30 thoughts on “Problem on Design of Key – Design of Machine

  1. sir for rectangular key w = d/4 and t = d/6 as per textbook of machine design by r.s. khurmi…..what is your point of view about this ??? waiting for your answer

  2. hllo sir calculate ve naal kro plz answer na likho sidda plz kyu ke mere answer aunda ni thunda wale numerical da plz vo batna plz vasse lecture bht vdia. good luck

  3. Design a key for fixing a gear to a shaft dia 25 mm KW of power at 720 rpm is transmitted from the shaft to the gear .The key is made up of steel 50C4.the yeild strength in compression can be assumed to be equal to the yield strength in tension

  4. Why not avoid keys in the first place! They are the weakest point in the design! Why not make a coupling system or like a shaft connects to a hub type of design ?

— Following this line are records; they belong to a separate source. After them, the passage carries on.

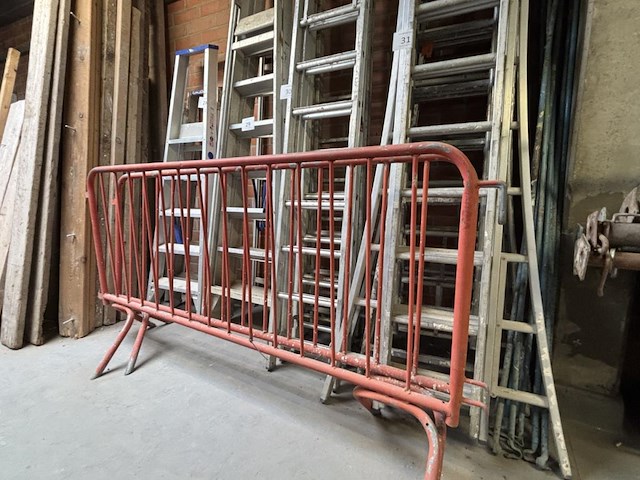 Lot signalisatiemateriaal - afbeelding 3 van  3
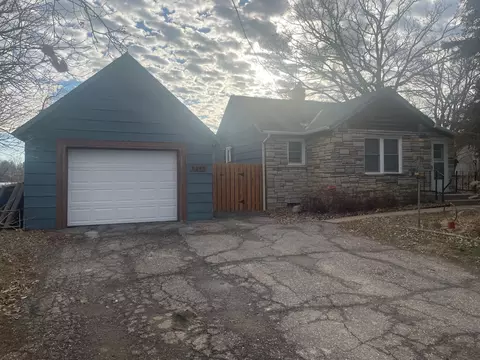 6245 85th St NW, Maple Lake, MN 55358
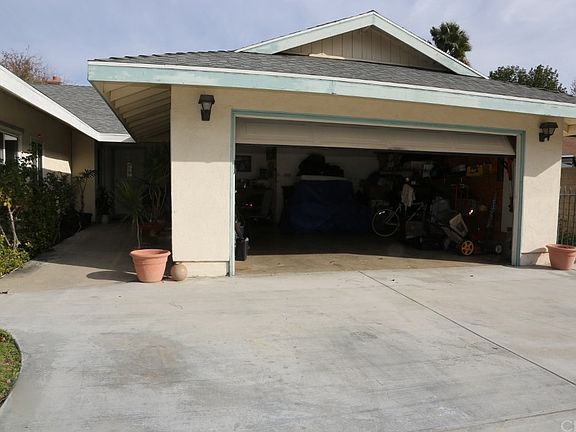 2nd image of 15071 Beechwood Ln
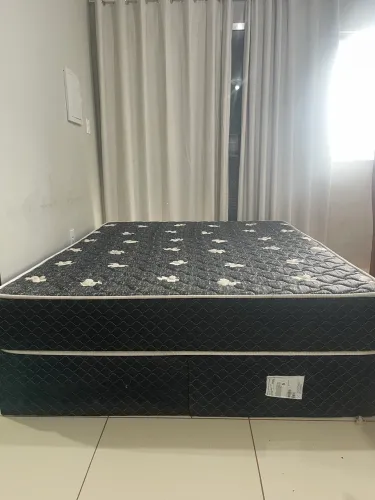 Vendo cama Gazin Queen Size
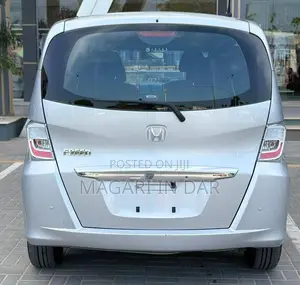Honda Freed 2013 Silver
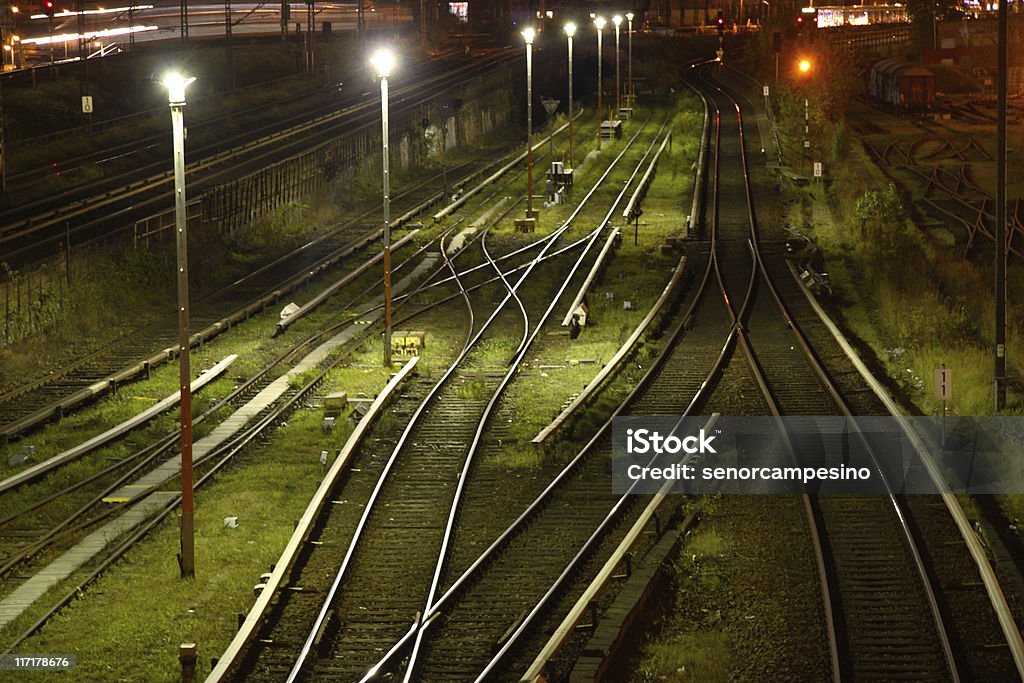 Berlín por la noche, 1 - Foto de stock de Oberbaumbrücke libre de derechos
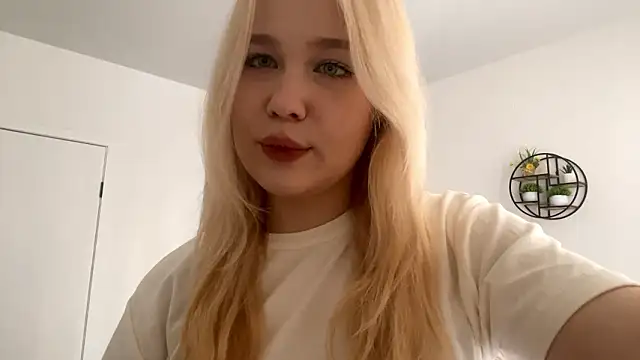 FreyaLoveLove online show from 03.19.26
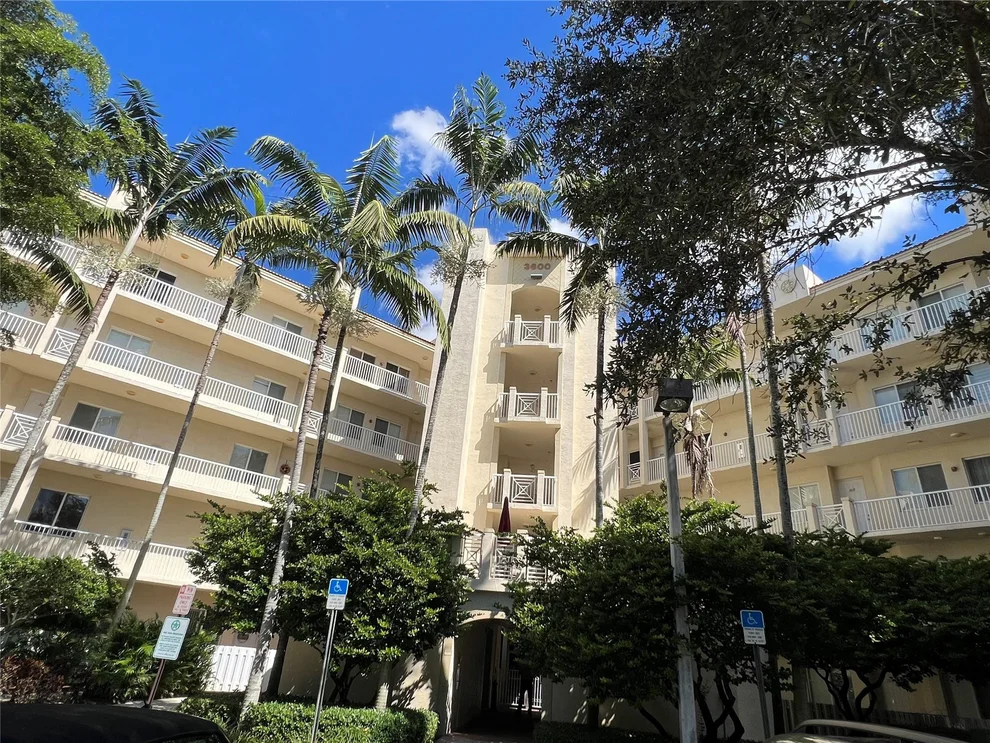 Unit for sale at 3600 Oaks Clubhouse Drive, Pompano Beach, FL 33069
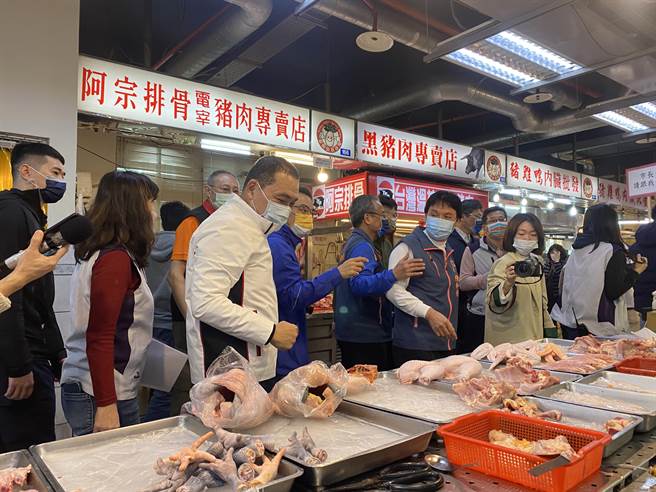 新北市長侯友宜7日前往泰山公有市場視察豬肉標示（戴上容攝）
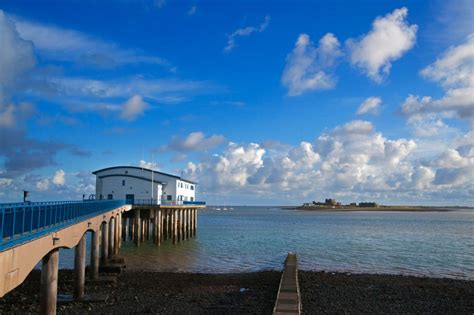 Piel Island Needs "Monarch" to Run its 300-Year-Old Pub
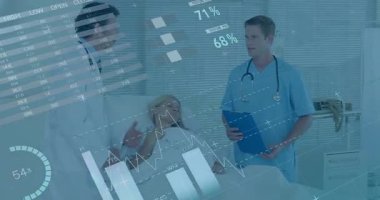 Sağlık ekibi hayati organları inceliyor, tablet tıkırdatma çizelgeleri planlama için. Sağlık, işbirliği, tanı, klinik, teknoloji, hassasiyet, takım çalışması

  5. alot of confusions why did you take shear stress for shaft and key same while it is not stated in problem and crushing area that you have taken is that of only one face why? while when the crushing force will be applied both the side faces will come into contact plz clear my concept as soon as possible

  6. For the doubt of why length = 1.25d, this is because, it is a condition that the key cannot be greater than 1.25 times the diameter, so we assumed it to be equal to that and followed with the calcs.

  7. Sir please jo bhi videos design of machine Ko aapne chupa ke Rakha hai use bhi open karo samjhta nhi hai ek dekhne ke bad dusra AAP chupa lie ho to doubt hota hai. I hope ki use bhi public karoge.

  8. Can you believe that someone has accused me of murdering with one key? I am not that stupid. Why? The Definition!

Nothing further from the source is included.